One difference between a state and a book club is that no book club (at least, none that I know of) commands an army. If I stop showing up to the book club, the worst that will happen to me is I’ll get some light scolding. If I violate Canadian law, the consequences could be much worse. The Canadian government demands my continued recognition of its deontic powers and it can back up that demand with the threat of force.
Max Weber famously defines a state as a social institution (well, a Gemeinschaft—I’m cutting a few corners here) that has a monopoly on the legitimate use of physical force or violence. Representatives of the state—the police or military—are licensed to use physical force in the name of the state and in accordance with its laws. But any non-state actor using coercive violence is liable to get into trouble with the authorities. It’s precisely when non-state actors do exercise significant physical force with impunity that we start talking about failed states.

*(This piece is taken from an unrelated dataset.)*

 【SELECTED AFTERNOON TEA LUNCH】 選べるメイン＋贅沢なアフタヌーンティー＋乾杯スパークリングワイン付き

The exercise of declaring a classroom to be an independent state feels idle and mildly comical because the exercise is normatively idle. It doesn’t make any significant change in what any of us does. But it also highlights the strange fragility of human institutions. Because they have no physical being, they only exist so long as we believe in them. (Sensitivity to this fragility might explain why states often create physical emblems of their existence, like crowns and sceptres.) Institutions as mighty as the Soviet Union and the Warsaw Pact collapsed within a couple of years largely because people stopped believing in them.
Sending tanks into the street can be an effective short-term method for compelling the continued recognition of a state. But the threat of physical force is just the crudest of many possible means of securing recognition. It was through overwhelming force of arms that the British, French, and later independent Canadian governments wrested control over this vast territory from the First Nations who had a prior claim to it. But—slowly and haltingly—the Canadian government is starting to recognize some First Nations land claims. The government is compelled to do this not by a plausible threat of violence from indigenous groups but from a deeper motive for recognition: that of justice.